Hmmm. In fairness, when you're 16 the world does tend to revolve around you. It's the mixture of truculence and self-pity that strikes me. But what about that evidence ?
The jury heard how during days of initial questioning by detectives after his arrest, the youth did not mention the lead. In police statements read out in court, officers then told him it had been found at his home and that the blood on it came from Ms Hyde. During the police interview the youth replied: "I do apologise. I panicked. I should have said from the start that I picked it up." He said he had discovered it while out walking along the bridle path where Ms Hyde was attacked, adding he had taken it home "and forgot about it."

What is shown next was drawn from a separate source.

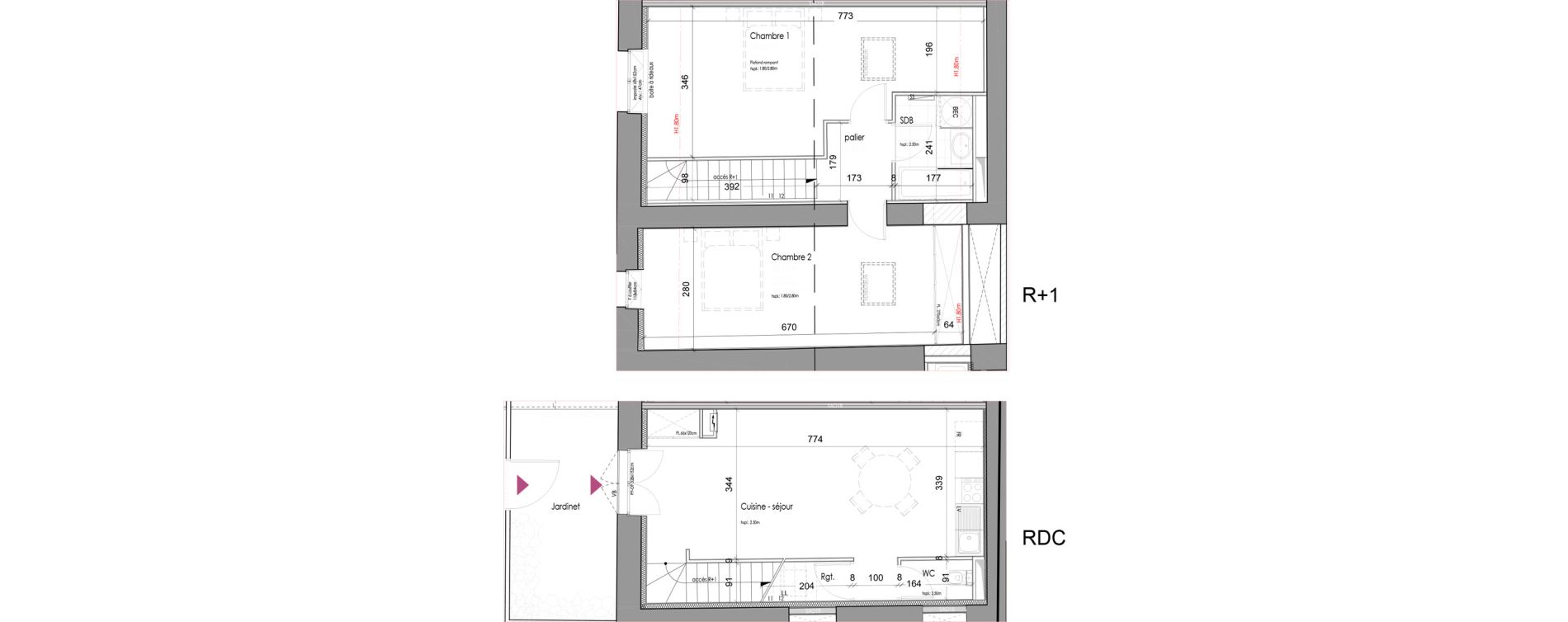 Duplex T3 de 75,37 m2 &agrave; M&eacute;rignac Chemin long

Officers also questioned him about blood stains on his Lonsdale trainers, which, tests showed, had also come from Ms Hyde. But he was adamant he had not seen any blood on the path. He told detectives: "I walked the path and now I'm here for murder. There is something wrong here." He demanded that police test the paws of his own dog, and the hooves of a horse he had seen on the bridle path, to see if they had also walked through blood without anyone realising it.
He demanded ? There is something wrong here, isn't there ?
In an interview, the transcript of which was read out in court, the teen said he had seen the lead lying on the path as he returned from walking his own dog. He also claimed for the first time that he spotted a small amount of blood nearby. "When I walked down the path I did see blood and picked up the dog lead and put it in my pocket," he said. "I thought I had just found a dog lead." He told interviewers that when he heard of Kelly's murder three days after his discovery he did not come forward because he feared that he would be blamed. He also maintained he must have walked through a pool of the victim's blood as he made his way home. When told that more than 40 officers had conducted a fingertip search of the area and been unable to find a single drop of blood he said he could offer no further explanation. "Why would there be blood on my trainers?" he asked interviewers.
Why indeed ? I imagine that there's a bit of a backstory to this young man, which we'll find out about with one verdict, and not otherwise. There's a bit here.
The boy told officers that he had got out of bed at around 10.30am, ate breakfast and watched part of the police comedy movie Hot Fuzz. He said that although he was feeling a little under the weather he was delighted when his step-father received a phone call offering the teen work the following day ... He said that he left the house at around 11.40am to take his dog for a walk and to secretly smoke a cannabis joint away from his home. He claimed that he walked along the bridleway just metres from where Kelly's battered body would eventually be discovered. The teen said that he reached a concrete bridge some distance beyond the bridlepath where he smoked the joint and then returned home the same way.
Not every dope-smoking, unemployed teenager is a murderer, or there'd be an awful lot of them. But Huw Davies QC appears to be playing a pretty thin hand.